Dari landasan normatif ini bahwa hukum hadir dalam negara Hukum yang demokratis untuk melindungi Hak Asasi Manusia warga Negara.

Dalam Undang-Undang Nomor 19 Tahun 2016 Tentang Perubahan Atas Undang-Undang Nomor 11 Tahun 2008 Tentang Informasi Dan Transaksi Elektronik khusususnya Pasal 27 ayat (3) yang berkaitan dengan pencemaran nama baik dan Pasal 28 ayat (1) dan (3) tentang ujaran kebencian (hate Speech). Sebenarnya, tujuan Pasal diatas adalah mencegah terjadinya permusuhan, kerusuhan, atau bahkan perpecahan yang didasarkan atas suku, agama, ras, dan antargolongan (SARA). Dengan adanya Undang-Undang ITE sekaligus menjadi penegasan yang menuntut masyarakat lebih berhati-hati dalam mengemukakan pendapat ataupun di ranah publik, terutama melalui media sosial, karena dalam UU ITE dijelaskan bahwa masyarakat dilarang membuat dan menyebarkan informasi yang bersifat tuduhan, fitnah, maupun SARA yang mengandung kebencian.

Mengenai perlindungan atas kebebasan berpendapat yang diatur dalam Undang-Undang Nomor 19 Tahun 2016 Tentang Perubahan Atas Undang-Undang Nomor 11 Tahun 2008 Tentang Informasi Dan Transaksi Elektronik memang belum diatur secara “rigid” tetapi jika membahas Perlindungan atas kebebasan berpendapat dilihat dari sisi Hak Asasi Manusia. Berkaitan dengan hak rakyat untuk mengemukakan hasil pemikirannya tanpa ada tekanan dari pihak lain. Maka sebagai hak pribadi, perlindungan atas kebebasan berpendapat sangat dijamin dalam berbagai ketentuan.

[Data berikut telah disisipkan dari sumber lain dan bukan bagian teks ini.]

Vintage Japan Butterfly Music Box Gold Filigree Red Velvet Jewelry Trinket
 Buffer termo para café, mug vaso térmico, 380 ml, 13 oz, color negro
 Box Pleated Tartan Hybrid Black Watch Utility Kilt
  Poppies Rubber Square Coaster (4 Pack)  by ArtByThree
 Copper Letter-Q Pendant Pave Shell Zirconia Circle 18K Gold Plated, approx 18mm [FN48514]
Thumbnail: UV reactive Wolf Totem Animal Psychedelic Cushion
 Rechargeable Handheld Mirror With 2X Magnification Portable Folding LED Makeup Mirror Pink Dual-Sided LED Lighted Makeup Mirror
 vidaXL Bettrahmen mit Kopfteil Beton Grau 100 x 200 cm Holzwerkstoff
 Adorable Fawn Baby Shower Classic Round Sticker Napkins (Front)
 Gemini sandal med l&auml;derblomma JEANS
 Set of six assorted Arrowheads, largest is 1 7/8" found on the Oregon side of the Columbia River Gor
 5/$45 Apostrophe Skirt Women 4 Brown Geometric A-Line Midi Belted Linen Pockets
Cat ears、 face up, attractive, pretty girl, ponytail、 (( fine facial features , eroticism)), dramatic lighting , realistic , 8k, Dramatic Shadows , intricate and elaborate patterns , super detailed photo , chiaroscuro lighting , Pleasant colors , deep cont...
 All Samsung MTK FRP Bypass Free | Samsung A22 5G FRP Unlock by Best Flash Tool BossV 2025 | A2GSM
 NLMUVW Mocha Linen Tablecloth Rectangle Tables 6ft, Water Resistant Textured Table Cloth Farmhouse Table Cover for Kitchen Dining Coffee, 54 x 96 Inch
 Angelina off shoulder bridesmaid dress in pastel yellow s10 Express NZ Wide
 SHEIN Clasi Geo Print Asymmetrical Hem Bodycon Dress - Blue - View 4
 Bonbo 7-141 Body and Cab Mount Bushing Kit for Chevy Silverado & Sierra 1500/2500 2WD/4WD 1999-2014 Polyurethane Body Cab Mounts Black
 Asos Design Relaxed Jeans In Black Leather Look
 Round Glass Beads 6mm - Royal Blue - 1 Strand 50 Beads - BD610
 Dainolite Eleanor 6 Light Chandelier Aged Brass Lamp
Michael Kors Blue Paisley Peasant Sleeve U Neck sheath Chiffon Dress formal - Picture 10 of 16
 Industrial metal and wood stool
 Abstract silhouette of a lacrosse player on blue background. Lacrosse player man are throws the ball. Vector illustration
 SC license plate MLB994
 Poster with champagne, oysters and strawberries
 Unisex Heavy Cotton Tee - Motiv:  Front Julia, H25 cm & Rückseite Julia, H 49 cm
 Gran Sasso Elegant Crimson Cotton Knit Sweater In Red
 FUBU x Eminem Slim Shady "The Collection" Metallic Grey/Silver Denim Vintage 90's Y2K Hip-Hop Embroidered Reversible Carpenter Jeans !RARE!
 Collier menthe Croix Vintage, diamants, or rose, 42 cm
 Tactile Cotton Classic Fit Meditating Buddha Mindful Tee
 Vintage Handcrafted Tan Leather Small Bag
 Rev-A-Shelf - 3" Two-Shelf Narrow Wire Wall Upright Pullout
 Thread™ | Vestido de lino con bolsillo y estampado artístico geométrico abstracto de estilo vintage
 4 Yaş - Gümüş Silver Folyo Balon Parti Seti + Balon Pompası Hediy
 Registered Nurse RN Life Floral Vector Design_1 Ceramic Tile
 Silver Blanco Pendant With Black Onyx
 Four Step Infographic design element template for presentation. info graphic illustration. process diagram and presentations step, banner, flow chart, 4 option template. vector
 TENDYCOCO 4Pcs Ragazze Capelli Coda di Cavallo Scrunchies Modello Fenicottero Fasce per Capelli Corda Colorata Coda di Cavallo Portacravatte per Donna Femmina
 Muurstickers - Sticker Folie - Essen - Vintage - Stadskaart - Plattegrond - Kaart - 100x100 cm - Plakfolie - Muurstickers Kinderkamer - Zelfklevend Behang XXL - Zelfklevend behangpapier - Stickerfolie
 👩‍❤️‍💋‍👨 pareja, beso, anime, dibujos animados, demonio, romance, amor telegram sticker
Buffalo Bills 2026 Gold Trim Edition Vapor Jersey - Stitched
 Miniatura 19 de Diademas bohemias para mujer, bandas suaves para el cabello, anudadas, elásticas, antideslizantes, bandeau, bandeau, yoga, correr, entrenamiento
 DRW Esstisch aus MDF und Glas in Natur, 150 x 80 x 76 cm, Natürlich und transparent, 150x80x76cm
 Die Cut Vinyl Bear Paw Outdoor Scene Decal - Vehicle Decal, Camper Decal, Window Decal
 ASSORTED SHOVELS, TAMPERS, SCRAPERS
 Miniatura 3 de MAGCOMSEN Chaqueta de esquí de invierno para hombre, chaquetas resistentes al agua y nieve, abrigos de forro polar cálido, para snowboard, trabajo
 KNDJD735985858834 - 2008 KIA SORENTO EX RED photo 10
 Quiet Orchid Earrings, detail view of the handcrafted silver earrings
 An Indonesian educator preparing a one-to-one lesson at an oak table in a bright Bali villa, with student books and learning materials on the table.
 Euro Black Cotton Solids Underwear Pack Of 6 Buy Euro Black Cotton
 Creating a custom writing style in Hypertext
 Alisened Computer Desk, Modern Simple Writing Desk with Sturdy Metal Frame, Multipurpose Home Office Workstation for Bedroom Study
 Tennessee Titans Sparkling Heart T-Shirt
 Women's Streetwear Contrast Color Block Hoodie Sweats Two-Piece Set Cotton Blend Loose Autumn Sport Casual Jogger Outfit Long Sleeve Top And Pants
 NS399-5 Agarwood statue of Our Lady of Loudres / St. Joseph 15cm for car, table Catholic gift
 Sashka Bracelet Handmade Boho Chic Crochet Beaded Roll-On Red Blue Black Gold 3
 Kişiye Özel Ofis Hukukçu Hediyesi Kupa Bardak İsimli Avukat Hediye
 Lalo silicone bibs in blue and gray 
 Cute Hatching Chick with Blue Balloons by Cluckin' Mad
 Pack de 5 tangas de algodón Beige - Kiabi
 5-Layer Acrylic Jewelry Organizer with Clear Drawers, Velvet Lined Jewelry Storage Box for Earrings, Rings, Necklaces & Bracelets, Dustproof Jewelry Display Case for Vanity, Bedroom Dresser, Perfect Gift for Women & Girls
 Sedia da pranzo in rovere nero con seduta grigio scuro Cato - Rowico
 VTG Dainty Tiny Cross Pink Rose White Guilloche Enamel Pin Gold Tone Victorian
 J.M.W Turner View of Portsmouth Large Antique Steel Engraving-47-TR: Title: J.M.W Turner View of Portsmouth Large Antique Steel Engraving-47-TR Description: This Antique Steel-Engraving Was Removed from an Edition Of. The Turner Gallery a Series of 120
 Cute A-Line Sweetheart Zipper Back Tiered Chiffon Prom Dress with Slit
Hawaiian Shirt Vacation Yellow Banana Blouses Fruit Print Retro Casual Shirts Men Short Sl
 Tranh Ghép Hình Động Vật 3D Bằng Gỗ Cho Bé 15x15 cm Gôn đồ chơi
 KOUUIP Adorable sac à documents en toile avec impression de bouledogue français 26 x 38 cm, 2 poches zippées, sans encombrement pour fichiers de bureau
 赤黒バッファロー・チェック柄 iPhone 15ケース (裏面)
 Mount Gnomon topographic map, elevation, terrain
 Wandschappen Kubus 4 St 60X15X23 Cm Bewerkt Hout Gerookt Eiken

Semangat kontrol terhadap media-media yang ada, dalam UU Nomor 19 Tahun 2016 tentang Informasi dan Transaksi Elektronik selayaknya tidak mereduksi kebebasan yang ada, dalam konteks kebebasan yang positif yang sifatnya untuk membangun, mengembangkan diri dan demi kemaslahatan yang tidak bertentangan dengan Hak Asasi Manusia dan Hukum yang berlaku, termasuk kebebasan berpendapat dan berekpresi. Hal itu, penting agar kebebasan berpendapat dan berekpresi yang diakui konstitusi tetap terjamin.

 

Sumber referensi:

  1. Undang-Undang Dasar Negara Republik Indonesia Tahun 1945.
  2. Undang-Undang Nomor. 19 Tahun 2016 perubahan Undang-Undang Nomor. 11 Tahun 2008 tentang Informasi dan Transaksi Elektronik (ITE).
  3. Undang-Undang Nomor. 39 Tahun 1999 tentang Hak Asasi Manusia.
  4. Undang-Undang Nomor. 9 Tahun 1998 tentang Kemerdekaan Menyampaikan Pendapat di Muka Umum.
  5. Direktori Putusan Mahkamah Agung Republik Indonesia Putusan Nomor 385/Pen.Pid/2019/PT.DKI hal.17 Diputuskan pada hari Senin tanggal 11 Maret 2019 oleh Ketua Hakim Pengadilan Tinggi Negeri DKI Jakarta, Ester Siregar selaku hakim Ketua Majelis, Muhammad Yusuf dan Hidayat selaku Hakim Anggota.

Jurnal

Muabas Haris, Perlindungan kebebasan berpendapat melalui media sosial dalam undang-undang NO.19 Tahun 2016 tentang informasi dan transaksi elektronik ditinjau dari perspektif hak asasi manusia, (2018)

Selian, D.L, 2018, Kebebasan Berpendapat: Penegakan Hak Asasi Manusia, Vol.2, No.2

Seventiani Elma, Kebebasan berpendapat di media sosial ditinjau dari prespektif Hak asasi manusia, (2020).